This post has NOT been accepted by the mailing list yet.
I have a long running spark job that has started running out of memory (truthfully the garbage collection times become so long and the performance is degraded so much that we restart the application before any actual OOM).
This is our proprietary production application so I cannot post the actual code, and I have not been able to create a sample application exhibiting the same issue. I'm hoping for debugging help.
I'll start the job in the morning, and by the next morning the application has to be restarted. I can see in monitoring software that the CPU begins to climb and then sits at 100% until restarted.
I have logging that tells me the number of block ids stored by the block manager. During normal operation that number fluctuates between 0 and 1000, always coming down after usage stops. At some point, no matter the usage, that number stops dropping. I can see that all of the BlockIds in the blockInfoManager are of type BroadcastBlockId and that most of the blockInfo.classTag's are Array[byte].

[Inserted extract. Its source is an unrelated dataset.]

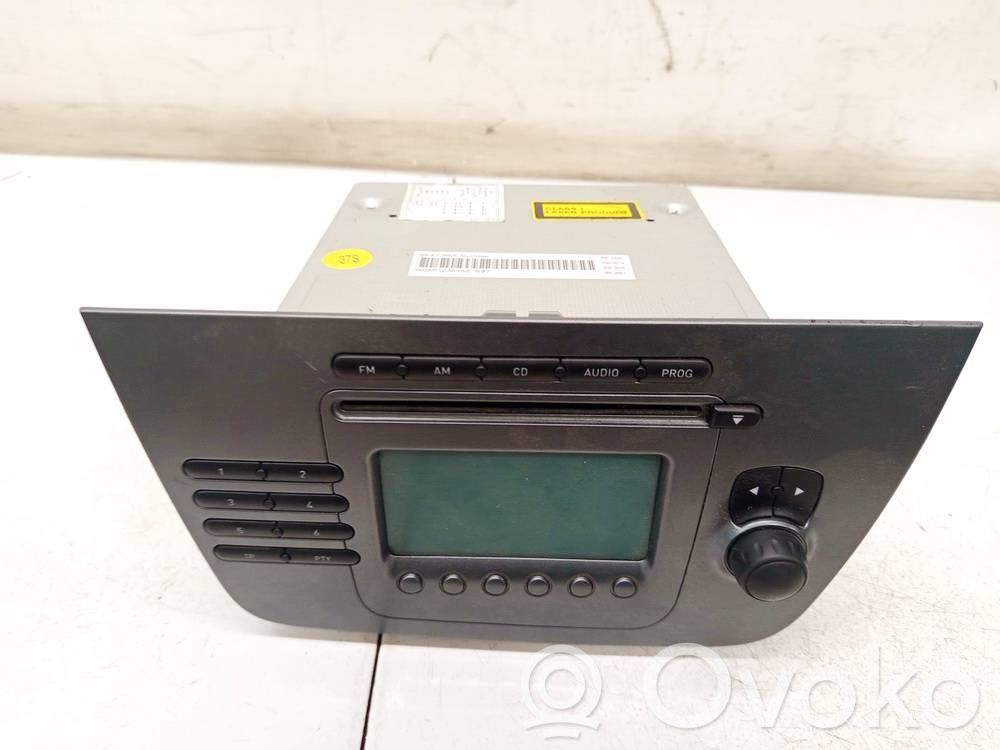 Seat Altea Panel / Radioodtwarzacz CD/DVD/GPS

We are using akka to construct RDD's, and then have actors on pinned dispatchers run collect operations, so RDD's are constructed and passed around various threads, then realized on different ones.
We do not use any broadcasts in our code, so they all must come from spark. I have a few heap dumps i can look around in, but I only see that most of my memory is taken up by the MemoryStore.
Any advice on finding what is causing spark to hold onto these broadcast ids?